Census 2000
Survey: Census 2000
Data Source: U.S. Census Bureau
Table: P45. Imputation Of Relationship [3]
Universe: Population not substituted
P45. Imputation Of Relationship
Universe: Population not substituted
Excerpt from: Social Explorer, U.S. Census Bureau; 2000 Census of Population and Housing, Summary File 1: Technical Documentation, 2001.
When information is missing or inconsistent, the Census Bureau uses a method called imputation to assign values. Imputation relies on the statistical principle of "homogeneity," or the tendency of households within a small geographic area to be similar in most characteristics. For example, the value of "rented" is likely to be imputed for a housing unit not reporting on owner/renter status in a neighborhood with multiunits or apartments where other respondents reported "rented" on the census questionnaire. In past censuses, when the occupancy status or the number of residents was not known for a housing unit, this information was imputed.

Internet Questionnaire Assistance (IQA)
An operation which allows respondents to use the Census Bureau's Internet site to (1) ask questions and receive answers about the census form, job opportunities, or the purpose of the census and (2) provide responses to the short form.

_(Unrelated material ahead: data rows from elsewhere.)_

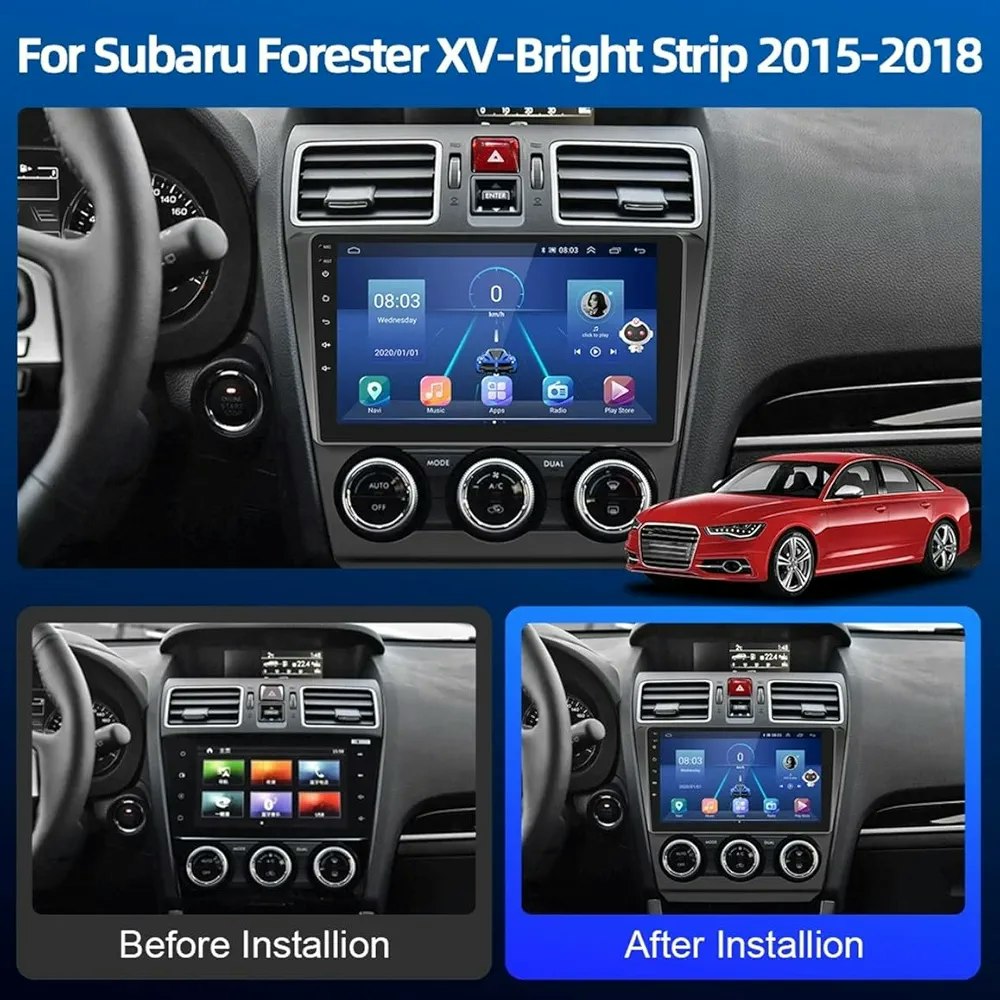 9"android 13, bilstereo  Subaru Forester/ XV( 2015--2018) gps wifi carplay android auto blåtand rds Dsp RAM:2GB, ROM: 64GB,wifi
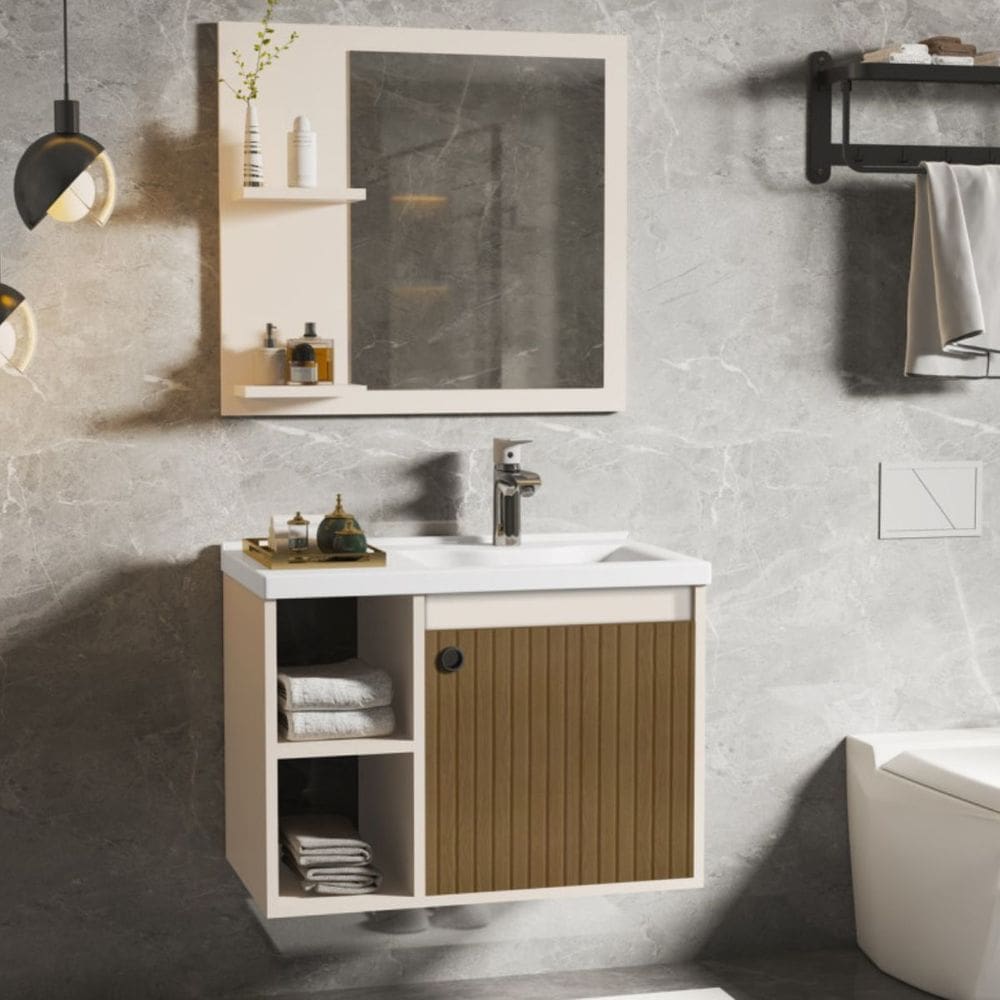 Conj Para Banheiro 60cm Adonis Pérola Ripado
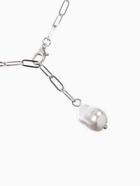 Цепь с подвеской «Жемчужина», вытянутое звено, белая в серебре (комплект 2 шт) - фото 68178816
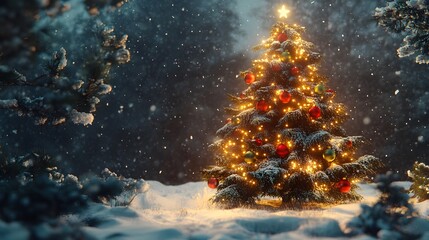 Fototapeta premium Enchanting Winter Scene of a Snow-Covered Christmas Tree Adorned with Colorful Ornaments and Sparkling Lights Against a Magical Snowy Landscape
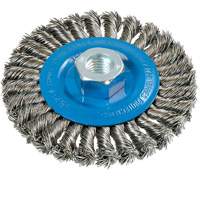 Brosse rotative &agrave; fils nou&eacute;s large, Dia. 4-1/2", Fils 0,02", Arbre 5/8"-11, Aluminium/Acier inoxydable GTA Hardware Inc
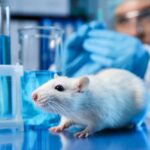 A white mouse in a laboratory with a scientist working in the background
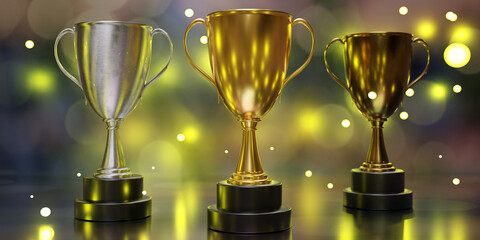 Wall Mural - Gold silver bronze trophy cup with dual handle on bokeh light  background. 3d render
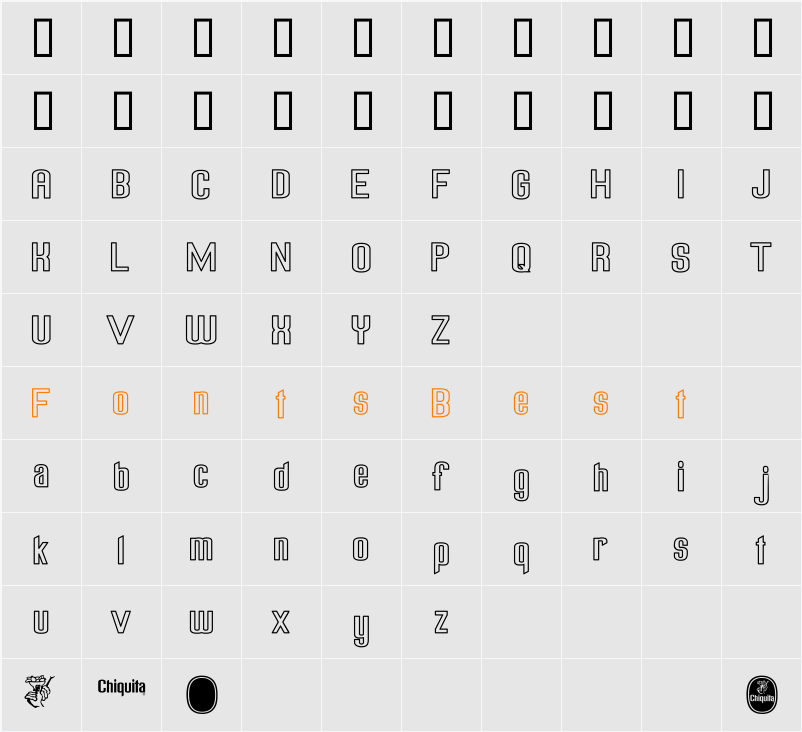 Chiquita Outlined Character Map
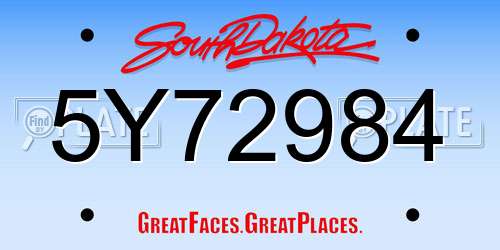 5Y72984 South Dakota License Plate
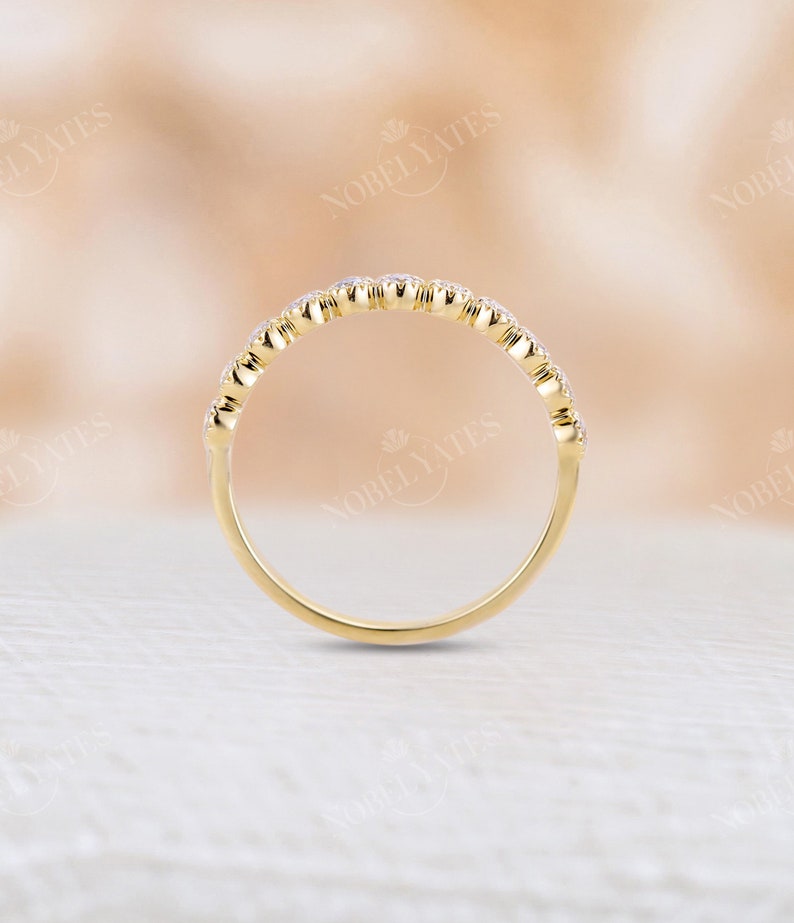 Vintage yellow gold wedding band half eternity band Moissanite ring Delicate stacking Bridal matching milgrain band promise anniversary image 6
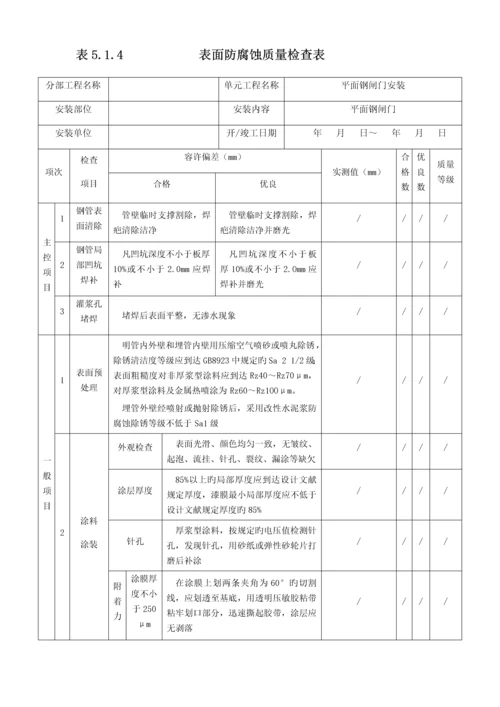 平面闸门门体单元工程安装质量验收评定表.docx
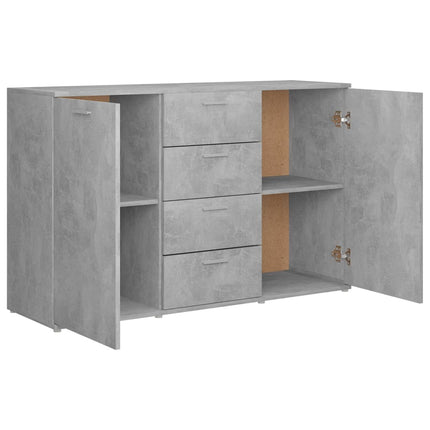 Credenza Grigio Cemento 120x35,5x75 cm in Legno Multistrato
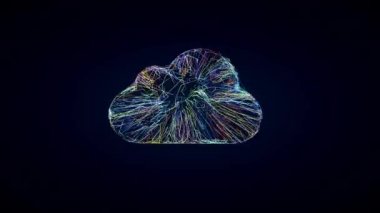 cloud technology symbol, 3D animation of cloud shape from colorful lines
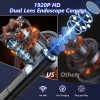 ENNOVOR Endoscope Dual-Lens 1920P HD Borescope Camera,16.4ft Semi-Rigid Snake Camera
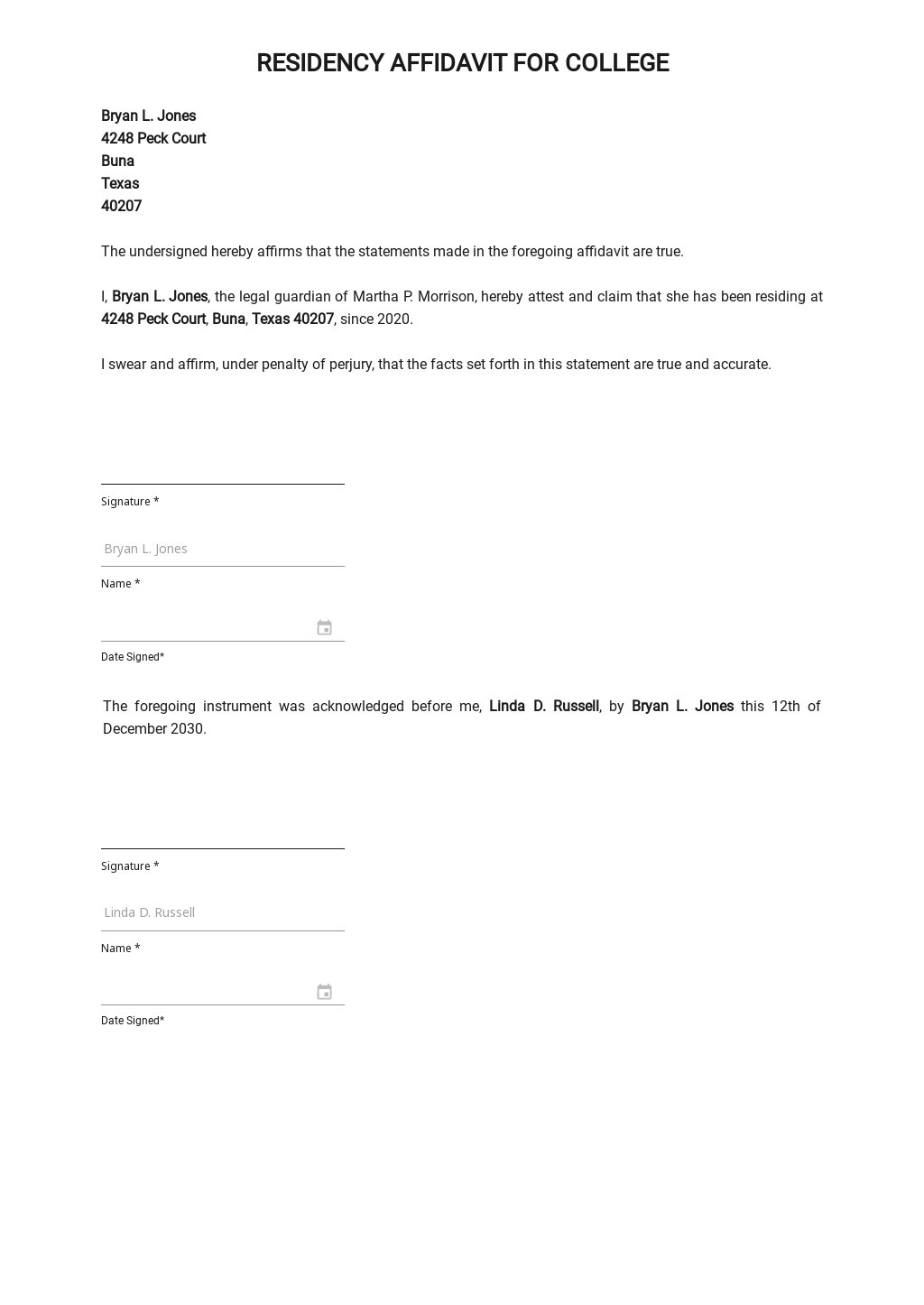 residency-affidavit-for-college-template-google-docs-word-template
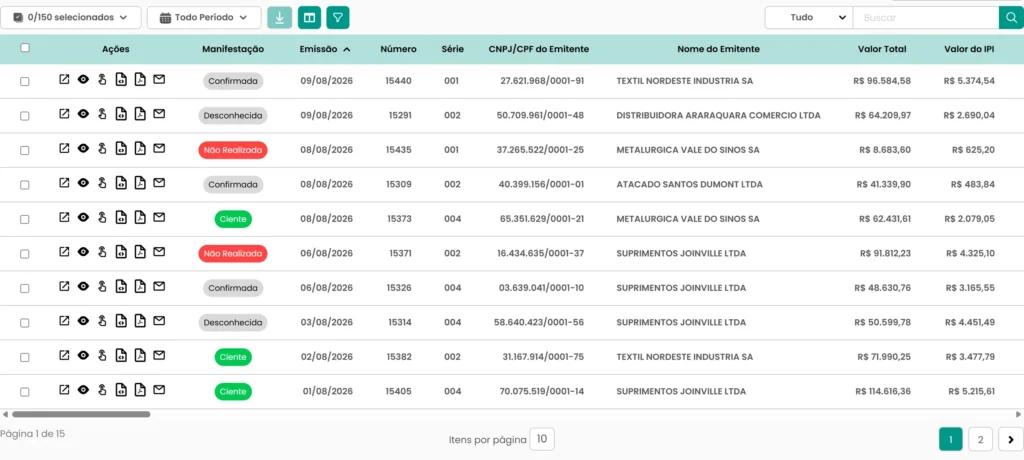 Grade de NF-e Recebidas do Motor Fiscal com os ícones de ação por linha, a coluna Manifestação (Confirmada, Desconhecida, Não Realizada, Ciente) e a emissão, o número, a série, o emitente, o valor total e o IPI de cada nota.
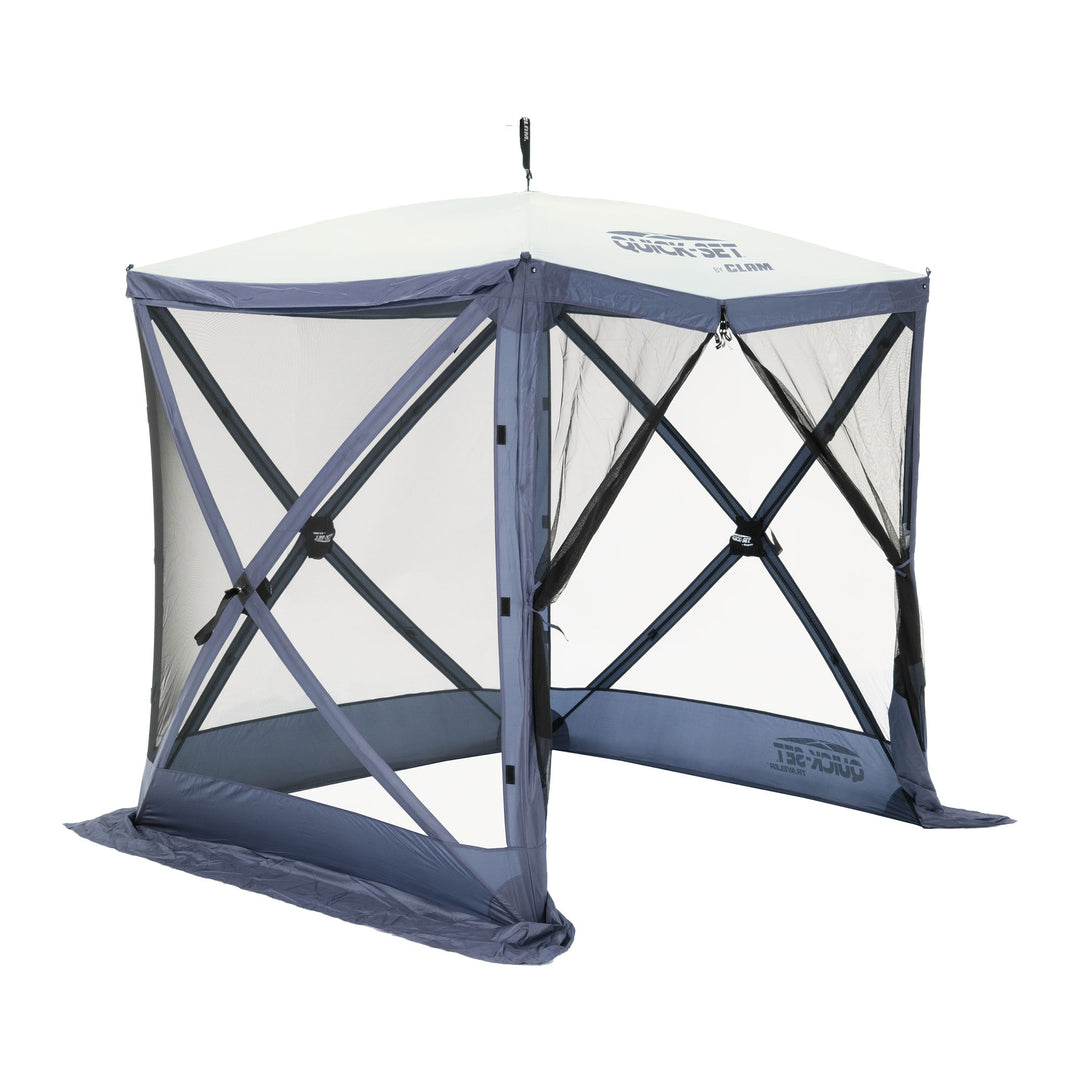 CLAM Quick-Set Traveler 6x6 Ft Portable 4 Sided Canopy Shelter, Blue (Open Box) - VMInnovations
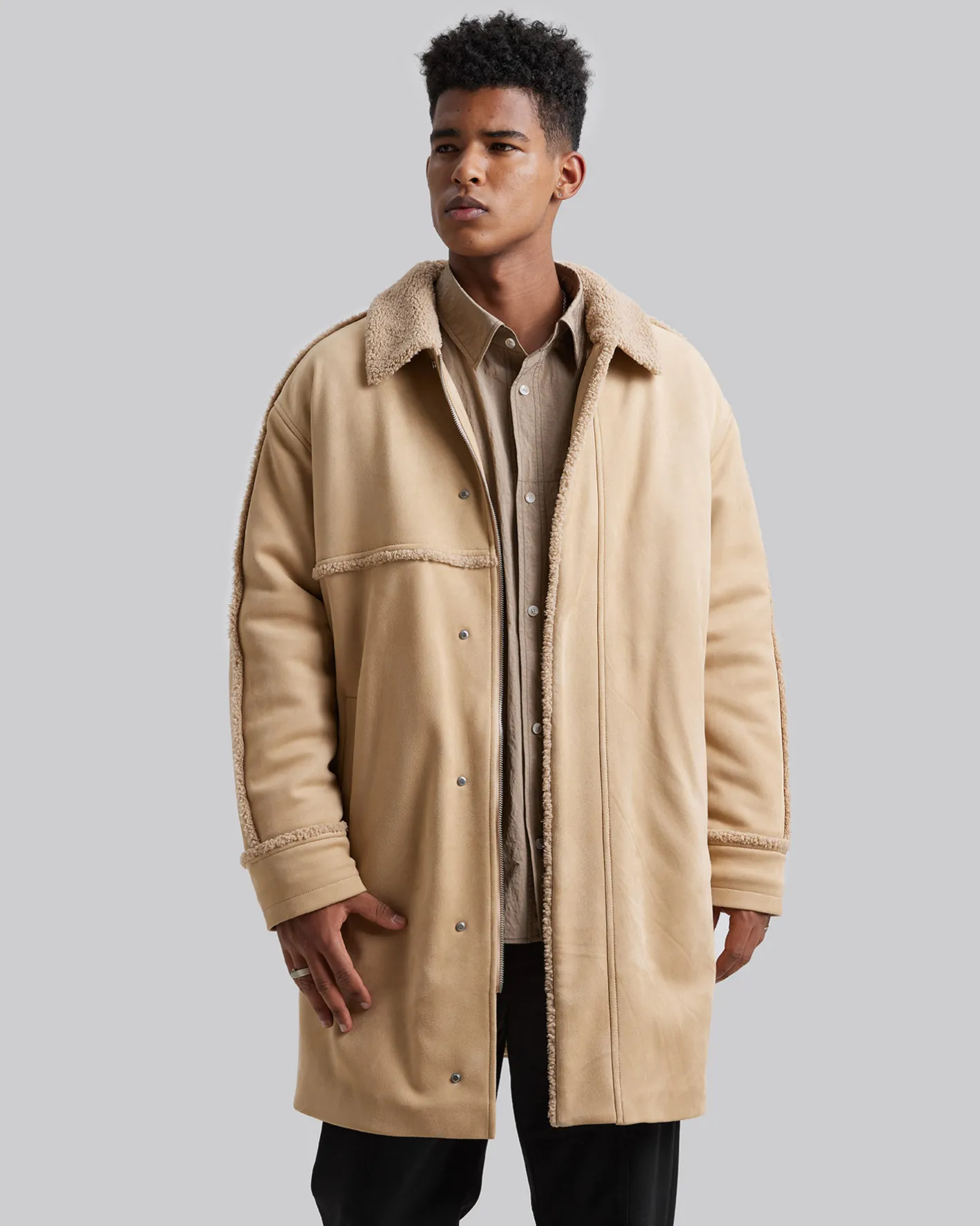 Clearance Suede Jacket With Fleece Lining Man Coat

Interpolation frequently is used in calculating medians or quartiles based on interval data and in approximating standard errors from tables. Linear interpolation is used to estimate values of a function between two known values. Pareto interpolation is an alternative to linear interpolation. In Pareto interpolation, the median is derived by interpolating between the logarithms of the upper and lower income limits of the median category. It is used by the Census Bureau in calculating median income within intervals wider than $2,500.

Editing of Unacceptable Data
The objective of the processing operation was to produce a set of data that describes the population as accurately and clearly as possible. In a major change from past practice, the information on Census 2000 questionnaires generally was not edited during field data collection nor during data capture operations for consistency, completeness, and acceptability. Enumerator-filled questionnaires were reviewed by census crew leaders and local office clerks for adherence to specified procedures. No clerical review of mail return questionnaires was done to ensure that the information on the form could be data captured, nor were households contacted as in previous censuses to collect data that were missing from census returns.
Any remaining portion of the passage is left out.